The Onsite AI Solution Architect will lead the end-to-end architecture, design, and implementation of AI and AI-native solutions for Advantive. This role will closely collaborate with business stakeholders, product owners, data teams, and engineering to translate business requirements into scalable, secure, and robust AI architectures.

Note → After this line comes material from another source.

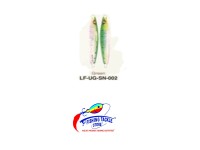 Lures Factory Underground Metal Jig Snatch 9.5cm | 40g (No Hooks)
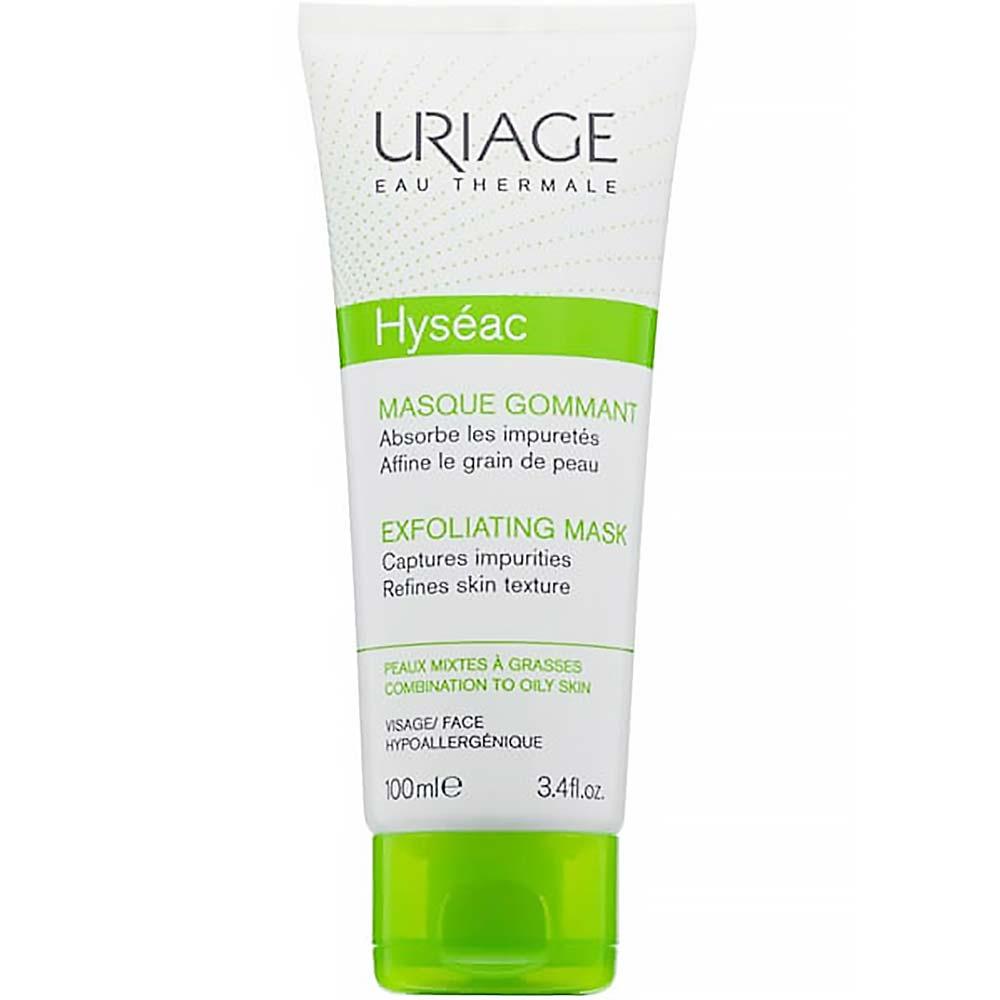 Uriage Hyseac Masque Gommant Exfoliating Krem Yüz Maskesi 100 ml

The architect will provide thought leadership on latest AI models and LLMs and ensure best practices, governance, and standards are adopted across AI initiatives.  

Key Responsibilities:

  • Lead the architecture, design, and technical roadmap for AI and AI-native solutions aligned to business strategy. 
  • Translate business and functional requirements into scalable AI solution architectures, covering data, model, application, and integration layers. 
  • Evaluate, select, and integrate latest AI models and LLMs (including cloud and third-party services) into enterprise applications and workflows. 
  • Define reference architectures, patterns, standards, and reusable components for AI solution delivery across the organization. 
  • Collaborate with data engineers, MLOps engineers, application developers, and product teams to ensure high-quality, production-grade AI deployments. 
  • Establish non-functional requirements (performance, security, reliability, observability) and ensure AI solutions meet enterprise architecture and compliance guidelines. 
  • Conduct technical reviews, PoCs, and feasibility assessments for new AI use cases and guide teams on best practices and optimization. 
  • Provide architectural leadership, mentoring, and guidance to project teams, driving continuous improvement and innovation in AI solution delivery.  

Required Skills:

  • Strong experience in AI Solution Architecture, designing and delivering enterprise-grade AI solutions. 
  • Proven expertise in architectural design involving AI solutions, including end-to-end solution blueprints and reference architectures.
  • Hands-on knowledge of designing AI-based solutions using machine learning, deep learning, and LLM-based approaches. 
  • In-depth understanding of latest AI models and large language models (LLMs), including their capabilities, limitations, and suitable use cases. 
  • Experience with AI/ML platforms and services (e.g., Azure AI, AWS AI/ML, Google Cloud AI, or equivalent). 
  • Solid understanding of data architecture concepts, including data pipelines, feature stores, model deployment, and monitoring (MLOps). 
  • Strong background in application integration patterns (APIs, microservices, event-driven architecture) for embedding AI into products and workflows. 
  • Ability to create high-quality architectural artifacts (HLDs, LLDs, sequence diagrams, data flow diagrams) and communicate them to technical and non-technical stakeholders. 
  • Strong stakeholder management, communication, and leadership skills to drive consensus and decision-making.  

Good to Have Skills

  • Experience with AI governance, model risk management, and responsible AI practices (fairness, explainability, security, and privacy). 
  • Familiarity with vector databases, semantic search, RAG (Retrieval-Augmented Generation), and knowledge-graph-based solutions. 
  • Exposure to MLOps tools and frameworks for CI/CD of ML models and LLM-based applications. 
  • Experience in designing multi-tenant, cloud-native architectures using containers and orchestration (Docker, Kubernetes). 
  • Knowledge of enterprise integration with ERP/CRM/line-of-business applications. 
  • Prior experience in leading AI architecture for product-based or ISV organizations. 
  • Experience working in agile delivery environments and collaborating with distributed teams.  

Educational Qualification

Bachelor’s or Master’s degree in Computer Science, Information Technology, Engineering, or a related discipline from a recognized institution.